Why The Cedi’s Appreciation Is Good For Ghana’s Public Debt
The local currency battle against the US dollar has always been one-sided – with the local currency's struggles well documented.
It is almost certain that any news report on the cedi has always focused on how much of its value it has lost against the US dollar, occasionally interspersed with bouts of positive performance.
Although the cedi in 2019 lost nearly 13 percent of its value against the US dollar, the performance blights the fact that in the last two weeks of the year, the cedi actually made some gains.
That resurgence continued well into the new year 2020, and the local currency has continued its rare dominance over the US greenback. Bloomberg, which tracks more than 140 currencies worldwide, on Monday, February 3, 2020, reported that the cedi's performance against the dollar is the best when compared to any other currency.
According to Bloomberg, the cedi has appreciated by 3.4 percent. But exactly what does this mean for businesses, individuals or the economy as a whole?.
To start with, a depreciation of the cedi is always bad news for the economy especially the public debt. The Bank of Ghana's latest debt figures shows that the total public debt stands at US$39 billion out of which the external component is US$20.3 billion (made up of loans, bonds and other commitment borrowed in dollars and must be paid in same).
Whenever the government has to service any part of the external debt, it would have to source dollars at the prevailing rate to service the debt.
For instance, in 2015 when Ghana went in US$1 billion Eurobond at a coupon rate of 10.75 percent with a maturity of 15 years, in layman's terms, it meant that the government would have to pay the cedi equivalent of US$107.5 million every year to service the bond.
Back then the cedi's exchange rate was about GHS3.78 to a dollar – meaning that particular bond would cost in cedi terms GHS406.35 million all things being equal. But today, that same amount dollar amount would cost government GHS581.76 million – a difference of GHS175.41 million.
The recent economic data published by the Bank of Ghana showed that the country's total public debt, when measured in USD, dropped from US$39.4 billion in October 2019 to US$39 billion in November 2019.

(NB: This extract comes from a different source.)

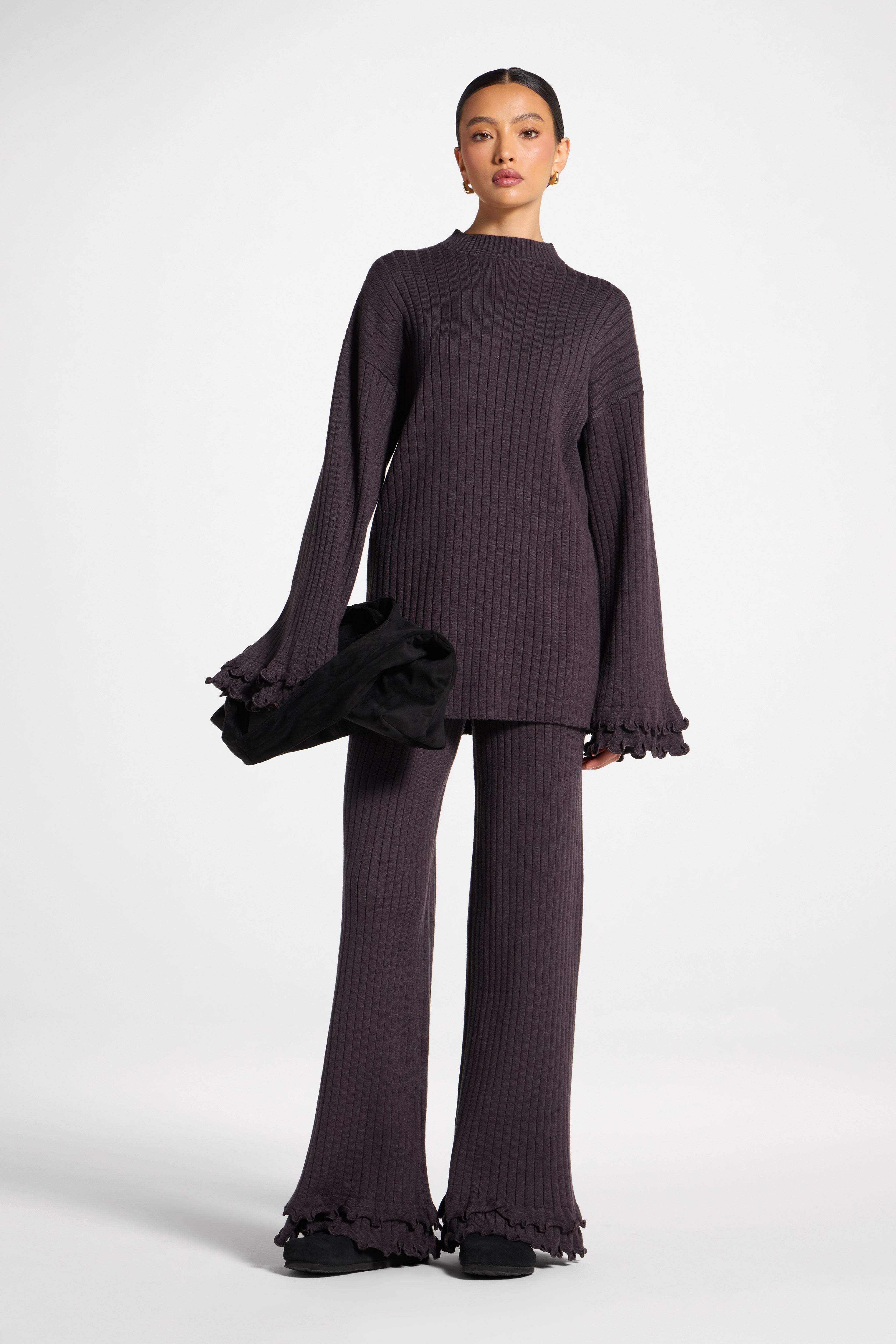 Ruffle Sleeve Knit Top - Peppercorn Abayas Veiled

However, because the local currency weakened during that particular period, the cedi equivalent went up from GHS210.5 billion to GHS214.9 billion.
Putting the cedi's rise into perspective
Given that the cedi has appreciated by about 3 percent against the dollar since the start of the year 2020, it would mean that, if the external component of the debt remains at US$20.3 billion (GHS112.33 billion) at the end of 2019 as at Monday, February 3, that same figure will now be worth GHS109.86 billion at an exchange of GHS5.41 to the dollar.
Also, there will be a marginal relief for people servicing dollar loans, but earn their income in cedis. A key example is people who are servicing mortgage loans. At the beginning of the year for instance when a dollar was trading at GHS5.53, a person paying US$1,000 mortgage would have to raise GHS5,530 to meet their commitment.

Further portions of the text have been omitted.